Did you know . . . here are some phrases and words that may help you discuss disabilities more sensitively. 

In general, it is wise to use “people-first language” that does not denigrate or victimize people with disabilities.  For instance, the phrase “wheelchair-bound” victimizes while “wheelchair-user” simply describes.  “Afflicted with cerebral palsy” both victimizes and reduces the person to nothing more than a disability. To say “he has cerebral palsy” focuses on the person and makes the disability no more than a statement of fact.

Instead of “normal” or “able-bodied” referring to the opposite of “disabled,” the term “non-disabled” carries less connotation that people with disabilities are not “normal” or “capable.”  People with learning disabilities, ADHD, and Autism Spectrum Disorder can be described as “neuro-divergent,” while those who do not have similar conditions can be “neuro-typical.”

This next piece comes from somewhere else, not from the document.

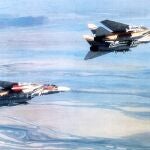 Dos Cazas F-14A Tomcat de la Fuerza Aérea de Irán armados con múltiples misiles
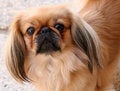 Free Nice Pug-dog 2 Royalty Free Stock Photo - 1355585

Some people object to phrases that appear to euphemize a disability.  While “special needs” can sometimes be an acceptable term, most adults prefer to avoid anything with the word “special” in it.  None of us want to be “special,” to appear to be dependent on assistance and services in which we are treated like incompetent infants or entitled to advantages that other people are denied.

Another danger is to heroize.  How often do we hear that someone with a profound disability is “brave,” “strong,” or “inspiring”?  In her TED Talk, “I am not your inspiration, thank you very much,” Stella Young asks “how am I brave for getting out of bed and getting ready for my day just as everybody else does just because I use a wheelchair?”  Let’s not overcompensate for a history of bigotry or ableism by awarding undeserved compliments.

There is a current trend by some groups away from “people-first” to “disability-first.”  The Deaf community is proud of their unique culture and communication.  In fact, they object to the term “hearing-impaired” because they do not consider themselves to be impaired or disabled in any way.  They simply have a different language, which the rest of society hasn’t bothered to learn.  Some individuals with other readily apparent disabilities prefer to claim their identity as “disabled” in the same way people claim ethnicity and nationality.

As with all aspects of political correctness it can be hard to know what terms to use to avoid offending others.  In the same way that we listen to our friends from different ethnicities to hear the words they use to describe themselves, we can listen to people with disabilities or even politely ask what they consider appropriate.  Being sensitive to the power of words is not about being correct but about treating one another with respect and seeing dignity in all people.